The main types of phishing
- Email phishing. Mass, generic messages impersonating well-known brands.
- Spear phishing. Targeted messages tailored to a specific person using real details — your name, employer, or a recent purchase — making them far more convincing.
- Whaling. Spear phishing aimed at executives and other high-value targets.
- Smishing. Phishing via SMS text message (fake delivery notices, bank alerts).
- Vishing. Voice phishing over the phone, often impersonating support desks, banks, or government agencies.
- Clone phishing.
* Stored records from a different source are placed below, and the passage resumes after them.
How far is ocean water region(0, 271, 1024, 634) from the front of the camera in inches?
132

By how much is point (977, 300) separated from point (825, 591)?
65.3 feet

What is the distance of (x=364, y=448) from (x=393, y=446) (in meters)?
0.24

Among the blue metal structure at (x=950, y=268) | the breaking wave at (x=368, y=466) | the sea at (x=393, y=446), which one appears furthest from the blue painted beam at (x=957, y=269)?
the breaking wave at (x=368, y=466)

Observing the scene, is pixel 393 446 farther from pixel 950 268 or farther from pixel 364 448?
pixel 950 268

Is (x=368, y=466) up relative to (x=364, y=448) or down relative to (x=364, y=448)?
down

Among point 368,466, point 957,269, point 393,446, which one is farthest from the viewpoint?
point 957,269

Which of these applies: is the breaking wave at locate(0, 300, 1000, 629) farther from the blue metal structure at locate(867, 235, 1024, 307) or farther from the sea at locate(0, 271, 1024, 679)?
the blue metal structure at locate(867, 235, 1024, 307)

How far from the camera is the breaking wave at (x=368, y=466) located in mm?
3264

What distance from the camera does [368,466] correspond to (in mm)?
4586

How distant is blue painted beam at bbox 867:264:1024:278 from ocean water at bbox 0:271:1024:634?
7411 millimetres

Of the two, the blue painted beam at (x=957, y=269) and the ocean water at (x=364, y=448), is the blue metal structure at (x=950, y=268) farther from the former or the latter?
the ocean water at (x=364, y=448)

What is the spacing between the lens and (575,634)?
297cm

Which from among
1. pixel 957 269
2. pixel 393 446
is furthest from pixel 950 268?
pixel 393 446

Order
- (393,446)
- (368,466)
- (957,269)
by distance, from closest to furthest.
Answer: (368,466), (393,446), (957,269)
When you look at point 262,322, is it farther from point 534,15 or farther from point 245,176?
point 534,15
A copy of a legitimate message you’ve seen before, with the links swapped for malicious ones.
How to spot a phishing attempt
Common tells include a sense of manufactured urgency, a mismatched or look-alike sender address, generic greetings, links whose real destination differs from the visible text, unexpected attachments, and any request for a password, one-time code, or payment. When a message pressures you to act right now, that pressure is itself the warning sign — legitimate organizations give you time and never ask for your full password or your two-factor code.
Rule of thumb: never enter credentials or codes by following a link in a message. Navigate to the site yourself, or call the organization back on a number you look up independently.